Tutorial 4: Multi-Parameter Models
===================================

In this tutorial, you'll learn how to fit complex models with many parameters,
handle parameter correlations, and work with multi-component models.

What You'll Learn
-----------------

- Fitting models with 5+ parameters
- Providing good initial guesses
- Understanding parameter correlations
- Multi-peak and multi-component fitting

Prerequisites
-------------

- Completed tutorials 1-3

The Challenge of Multi-Parameter Fitting
----------------------------------------

As the number of parameters increases, fitting becomes harder:

- More local minima (wrong solutions)
- Stronger parameter correlations
- Greater sensitivity to initial guesses

With good practices, NLSQ handles these challenges effectively.
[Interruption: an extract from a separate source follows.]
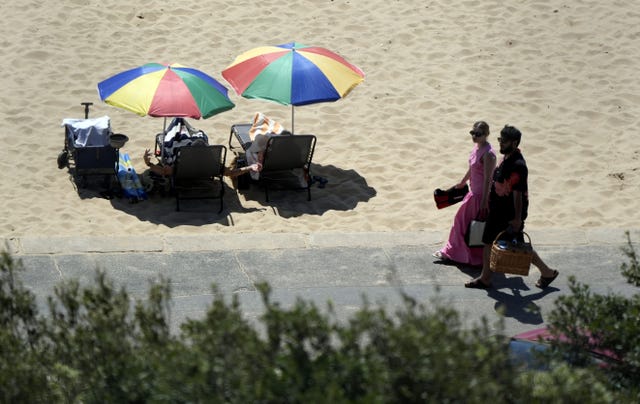 People under umbrellas on a beach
Example: Damped Oscillation
---------------------------

A damped oscillation has 5 parameters:

.. code-block:: python

   import numpy as np
   import jax.numpy as jnp
   from nlsq import curve_fit


   def damped_oscillation(t, A, omega, gamma, phi, offset):
       """
       Damped harmonic oscillator.

       Parameters:
           A: Amplitude
           omega: Angular frequency
           gamma: Damping rate
           phi: Phase
           offset: DC offset
       """
       return A * jnp.exp(-gamma * t) * jnp.cos(omega * t + phi) + offset


   # Generate data
   np.random.seed(42)
   t = np.linspace(0, 10, 200)

   # True parameters
   A_true, omega_true, gamma_true, phi_true, offset_true = 3.0, 5.0, 0.3, 0.5, 1.0

   y_true = (
       A_true * np.exp(-gamma_true * t) * np.cos(omega_true * t + phi_true) + offset_true
   )
   y = y_true + 0.2 * np.random.normal(size=len(t))
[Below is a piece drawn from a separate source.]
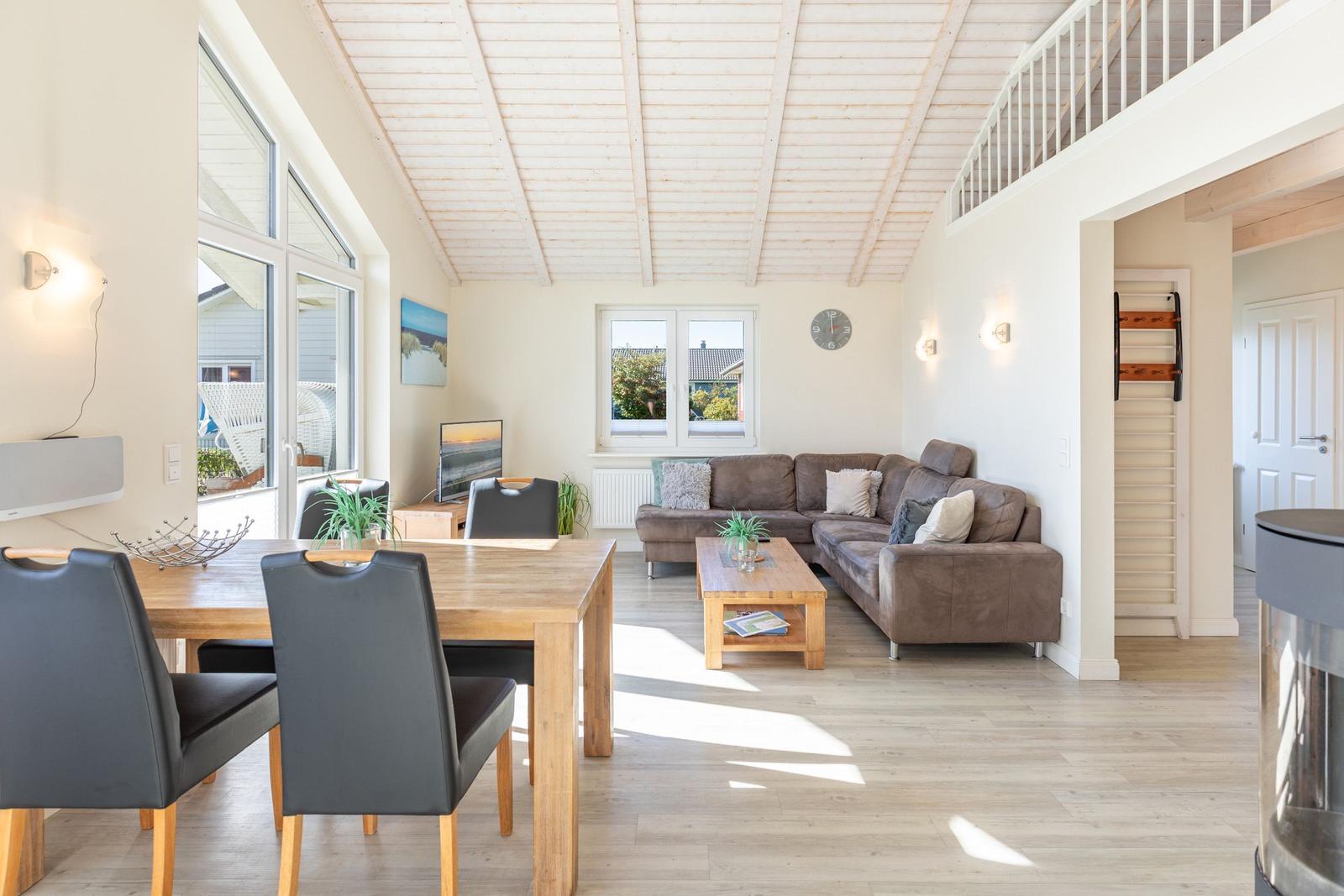 Wohn- und Essbereich mit Sofa, Esstisch und großem Fenster.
Estimating Initial Guesses
--------------------------

Good initial guesses are crucial. Estimate from data characteristics:

.. code-block:: python

   # Estimate initial guesses from data
   A_guess = (np.max(y) - np.min(y)) / 2  # Half the range
   offset_guess = np.mean(y)  # Mean value

   # Estimate frequency from zero crossings or FFT
   from scipy.signal import find_peaks

   peaks, _ = find_peaks(y)
   if len(peaks) > 1:
       period = np.mean(np.diff(t[peaks]))
       omega_guess = 2 * np.pi / period
   else:
       omega_guess = 3.0  # Fallback

   gamma_guess = 0.2  # Reasonable starting point
   phi_guess = 0.0  # Start at zero phase

   p0 = [A_guess, omega_guess, gamma_guess, phi_guess, offset_guess]
   print(f"Initial guesses: {p0}")

Fitting with Bounds
-------------------

Add physical constraints:

.. code-block:: python

   # Physical bounds
   bounds = (
       [0, 0, 0, -np.pi, -10],  # Lower bounds
       [10, 20, 2, np.pi, 10],  # Upper bounds
   )

   # Fit
   popt, pcov = curve_fit(damped_oscillation, t, y, p0=p0, bounds=bounds)

   # Results
   param_names = ["Amplitude", "Omega", "Gamma", "Phi", "Offset"]
   perr = np.sqrt(np.diag(pcov))

   print("\nFitted Parameters:")
   print("-" * 50)
   for name, val, err, true_val in zip(
       param_names, popt, perr, [A_true, omega_true, gamma_true, phi_true, offset_true]
   ):
       print(f"{name:12}: {val:8.4f} ± {err:.4f} (true: {true_val})")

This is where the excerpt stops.